Your goal: Find the line containing "Handbag Deauville Brown Monogram Canvas" in the entries; transcribe it and all remaining lines through the end, exactly as they appear, but not the pictures.

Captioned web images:
- - -

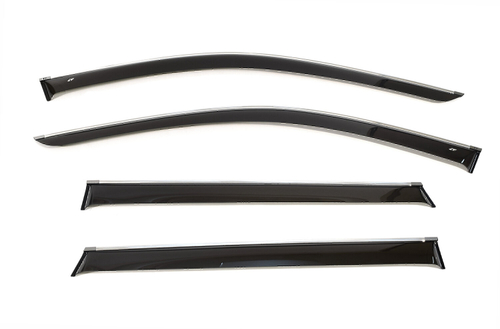 Дефлекторы боковых окон Cobra Tuning на Haval F7 2019 хромированный молдинг арт.H60519CR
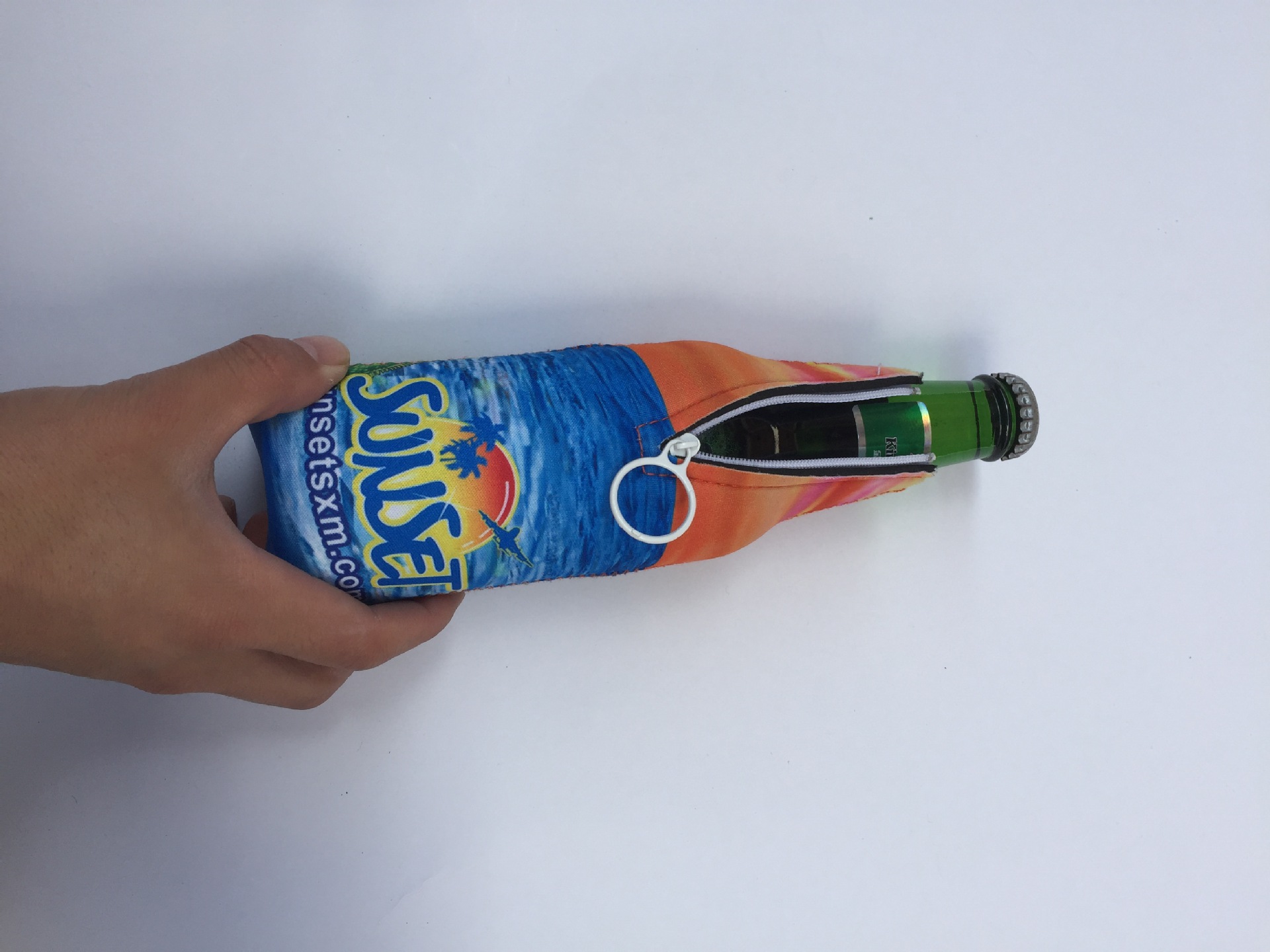 Custom make Beer Bottle Coolers with Zipper Premium Neoprene Insulators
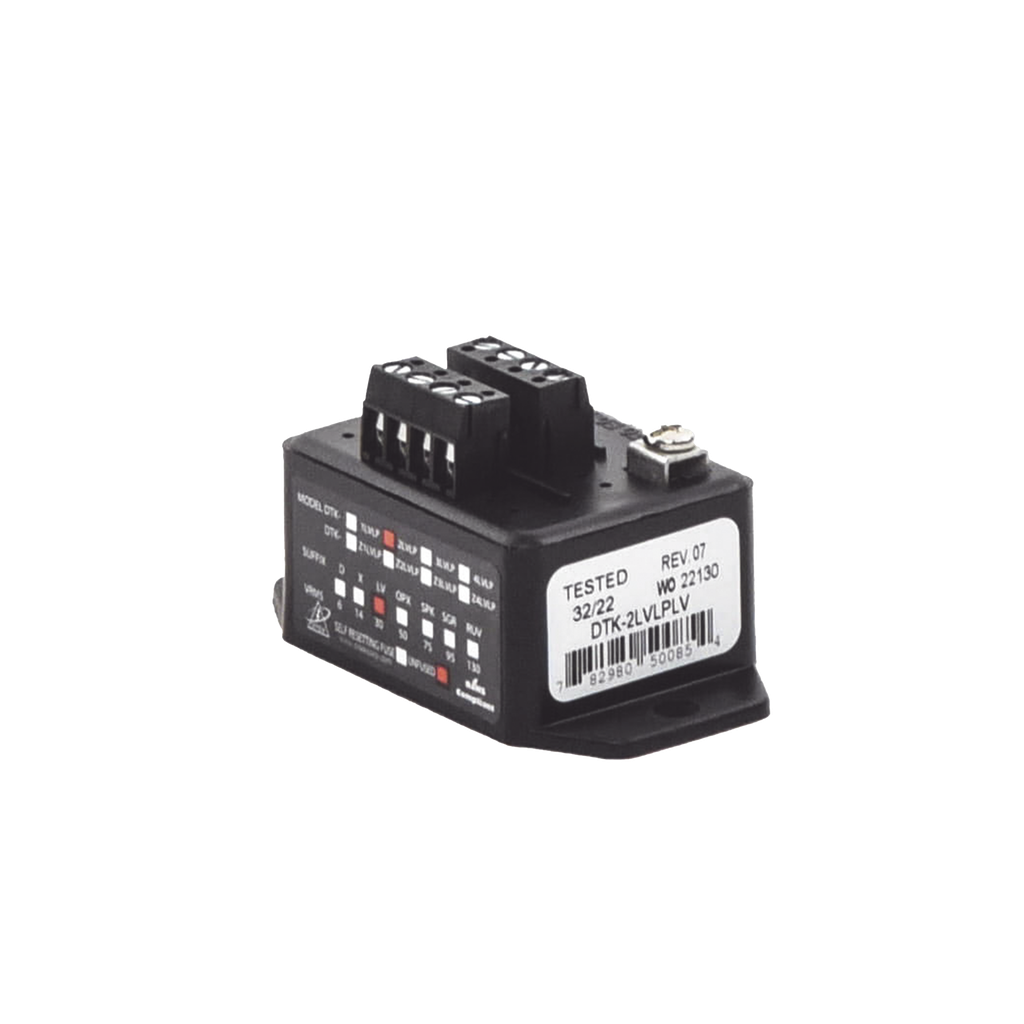 [DTK-2LVLPLV] Protector contra Sobretensiones del Circuito de Datos y Señalización / Lazos NAC, SLC, IDC, PIV, Paneles de Incendio, Alarma, Altavoces y Teléfonos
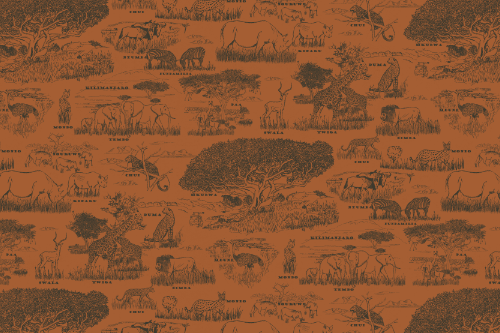 SAFARI WANYAMA TOILE CLAY WITH CHARCOAL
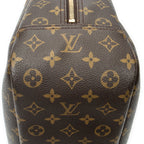 Handbag Deauville Brown Monogram Canvas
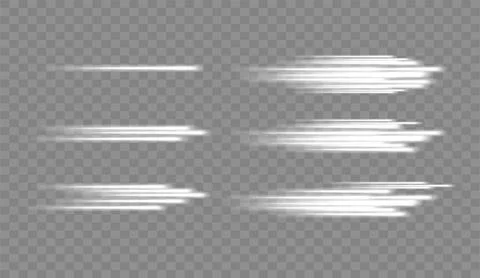 Glowing white speed lines. Motion High speed speed and blur. Dynamic lines Stock Illustration
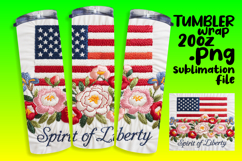 VIBRANT 20oz Tumbler Artwork , Patriotic Product Image 1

- - -

Task solution:
 Handbag Deauville Brown Monogram Canvas
 Glowing white speed lines. Motion High speed speed and blur. Dynamic lines Stock Illustration
 VIBRANT 20oz Tumbler Artwork , Patriotic Product Image 1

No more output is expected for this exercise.